(Recorded information Opens)
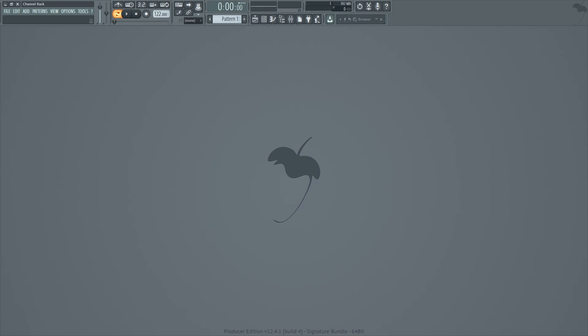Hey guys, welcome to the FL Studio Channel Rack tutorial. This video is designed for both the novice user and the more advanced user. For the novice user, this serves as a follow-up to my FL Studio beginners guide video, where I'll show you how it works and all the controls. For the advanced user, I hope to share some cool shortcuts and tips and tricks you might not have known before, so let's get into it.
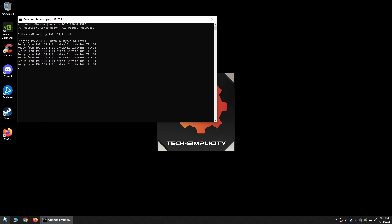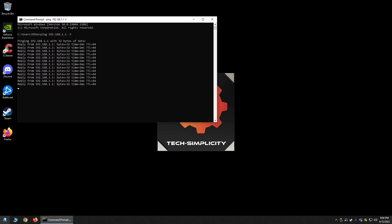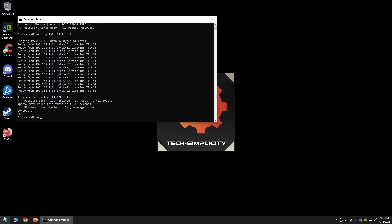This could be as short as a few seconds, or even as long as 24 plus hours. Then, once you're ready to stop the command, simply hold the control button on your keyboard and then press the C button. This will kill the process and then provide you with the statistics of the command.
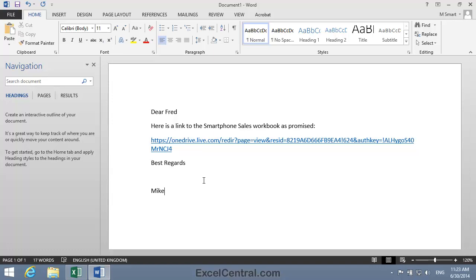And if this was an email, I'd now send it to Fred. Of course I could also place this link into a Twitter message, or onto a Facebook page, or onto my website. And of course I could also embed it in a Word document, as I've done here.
(Recorded information Closes)
__Task item__
The material above must be printed exactly, with its pictures left out.

__Written reply__
Hey guys, welcome to the FL Studio Channel Rack tutorial. This video is designed for both the novice user and the more advanced user. For the novice user, this serves as a follow-up to my FL Studio beginners guide video, where I'll show you how it works and all the controls. For the advanced user, I hope to share some cool shortcuts and tips and tricks you might not have known before, so let's get into it.
This could be as short as a few seconds, or even as long as 24 plus hours. Then, once you're ready to stop the command, simply hold the control button on your keyboard and then press the C button. This will kill the process and then provide you with the statistics of the command.
And if this was an email, I'd now send it to Fred. Of course I could also place this link into a Twitter message, or onto a Facebook page, or onto my website. And of course I could also embed it in a Word document, as I've done here.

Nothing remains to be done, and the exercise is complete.